Konzertbericht
Benjamin Clementine
Benjamin Clementine ist gerade mal Mitte 20, ein junger Brite ghanaischer Abstammung aus dem Norden Londons. Er ist einer dieser Künstler, die eine unglaubliche Ausstrahlung haben, ohne sich dafür zumindest offensichtlich besonders anzustrengen, erinnernd etwa an Antony Hegarty oder Leonard Cohen. Schnell ist klar, dass der Abend ein ganz besonderer ist.
Clementine ist Musik, das kann jeder im Raum spüren. Er möchte auch nur seine Songs spielen, große Balladen voll großer Worte wie "Cornerstone" oder "I Won't Complain", angetrieben von seinem Klavierspiel. Über allem steht seine unglaubliche, facettenreiche, fesselnde Stimme. So sehr diese beim Singen explodiert und vibriert, so leise flüstert Clementine bei den wenigen Ansagen.

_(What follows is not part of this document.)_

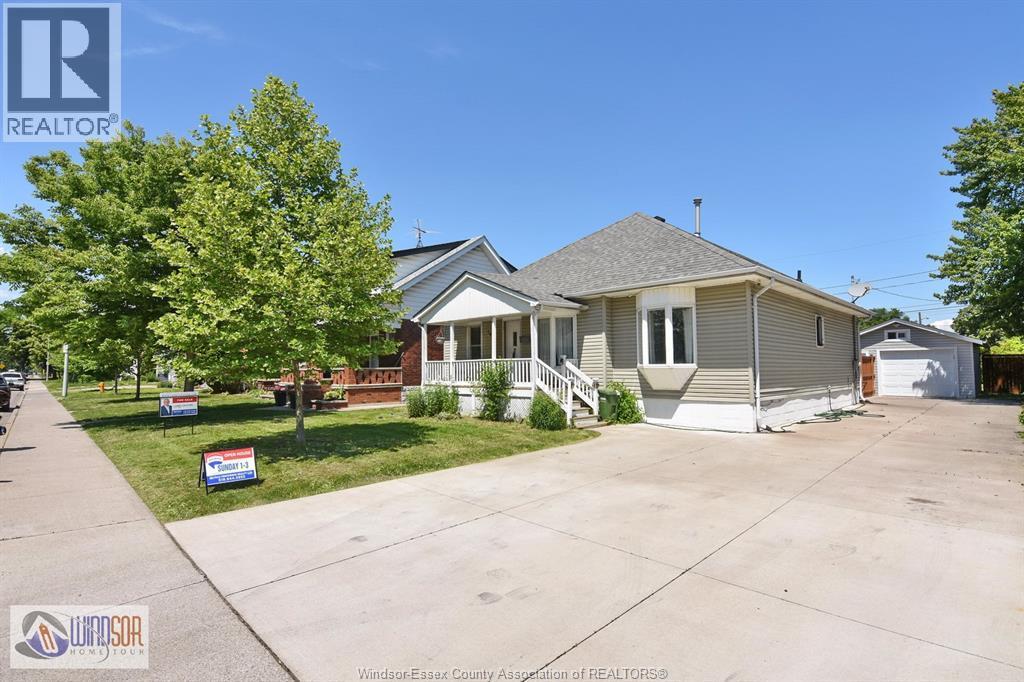 1628 Moy Avenue, Windsor — photograph 2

Nach der Hälfte des Sets entschuldigt er sich, dass er nichts sagt. Er wolle eben einfach nur seine Songs spielen. Mit Genugtuung sieht das Publikum es ihm nach. Nicht so ein neugieriger Zuschauer aus den ersten Reihen, der Clementine vor den Zugaben fragt, wie es ihm gehe. Als Clementine antwortet, das stecke doch alles in seinen Songs, und im Gegenzug detailliert fragt, wie es dem Zuschauer denn gehe, was er so mache, was ihn bewege, schreckt dieser schnell zurück. "You started this conversation – so why do you stop following it?", fragt Clementine zurecht. "Why don't you improvise? You're such wonderful musicians" kommt es zurück, und Clementine, charmant-enerviert, fängt an, überzogen lange und schräg zusammengewürfelt aus Songfetzen zu improvisieren, gipfelnd in der dramatisch gesungenen Zeile: "So – if this is not improvising, then what is improvising." Benjamin Clementine vs. Zuschauer: 1:0.
Ein extrem tiefgehendes Nick-Drake-Cover – "River Man" vom 1969er-Album "Five Leaves Left" – folgt, und lässt die Zuschauer tiefbewegt zurück in die Berliner Winternacht hinaus. Von Benjamin Clementine, so viel ist klar, werden wir noch viel hören. Die Venues werden nicht kleiner werden.